元谷 芙美子(もとや ふみこ)/福井県出身。高校卒業後、福井信用金庫に入社。営業として活躍した後、元谷外志雄氏と知り合い、結婚。1971年、夫が起業した信金開発株式会社(現:アパ株式会社)に入社。1994年、アパホテル株式会社取締役社長に就任。その後、早稲田大学大学院博士課程を修了。自ら広告塔となってメディアに登場し、アパホテルの認知度向上に貢献。以降、順調に成長を続け、2020年3月24日現在、アパホテルネットワークの部屋数は10万室を超える。著書に『強運 ピンチをチャンスに変える実践法』(SBクリエイティブ)などがある(写真:Womantype編集部)

当時は、「こんなことになって、大ピンチじゃないか」といろいろな方に言われましたよ。それはそうですよね、当時の観光業界は中国特需で沸きに沸いていましたから。中国からのお客さまがいなくなるというのは、業界の常識から言えば非常事態です。

でも、今のようにリスクヘッジをしながらの経営ができるような体質に会社が変わることができたのは、この一件があったからこそ。
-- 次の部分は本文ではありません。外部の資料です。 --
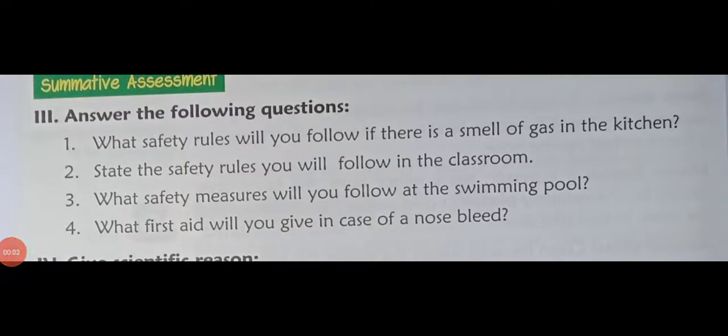Good morning children. Today you will write the question answer in your notebook. Write the heading: Question Answer.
かつて経験したピンチから得た学びが、今の私たちを強くしてくれています。

本当に、人間万事塞翁が馬(にんげんばんじさいおうがうま)ね。そのときは大ピンチに見えることも、時が経てばチャンスに変わることはいくらでもあるんです。

だから、今回のことも同じじゃないかしら。

短期的に見れば大ピンチかもしれないけれど、長期的に見れば、これもホテル業界を再編するチャンスへとつながるかもしれない。何がどう転ぶかは、分からないものです。
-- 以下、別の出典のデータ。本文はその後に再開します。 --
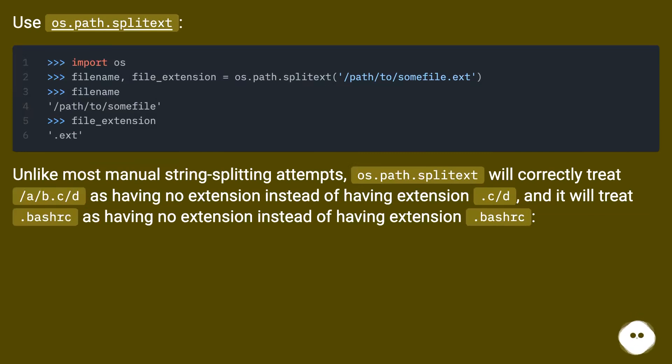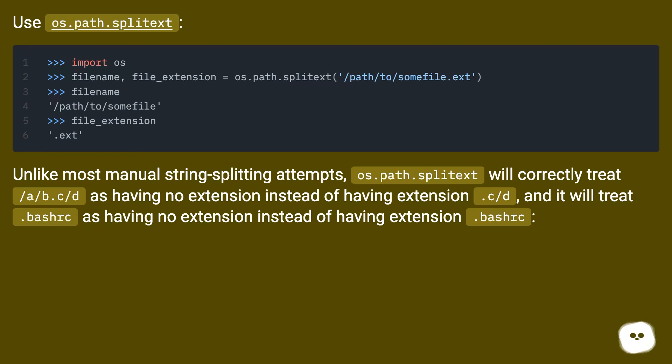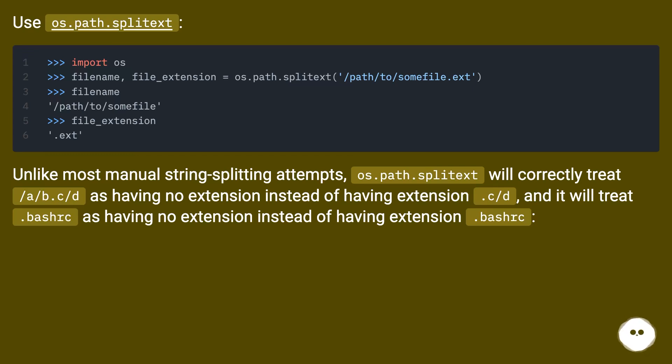Unlike most manual string-splitting attempts, os.path.splitext will correctly treat /a/b.c/d as having no extension instead of having extension .c/d, and it will treat .bashrc as having no extension instead of having extension .bashrc.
できることはただ1つ。このピンチの間にもしっかり前を向き、どれだけ次の一手を仕込めるか。それが未来をよりいいものへと変える、唯一の手段だと思います。

ポジティブマインドは、決して感情論じゃない

今、未来を悲観している人がいるなら、そんなことに時間を使っていないで、この逆境をどう逆手にとるか知恵を絞ってみて。

これから世界がどうなるかわからなくて不安でしょうけど、「不安だ」っていくら愚痴をこぼしていても何も変わらない。

闇雲にマスクやトイレットペーパーを買い占めたりしても、あなたの不安はずっと心の中にあり、消えてはくれません。

では、どうすればいいのか。一寸先も見えない不安定な時代を生き抜くために必要なものは、知識と情報です。

実のところ、アパホテルではパンデミックの危険性について3年前から真剣に議論を重ねていました。そして、もしもそうなったときにどうするか、経営陣で対策も決めていたのです。

だから、今回のような事態も決して私たちにとっては「想定外のこと」じゃない。正しい知識を身に付け、時代の先を読んで行動してきたからこそ、何が起きてもたじろがずに対応することができました。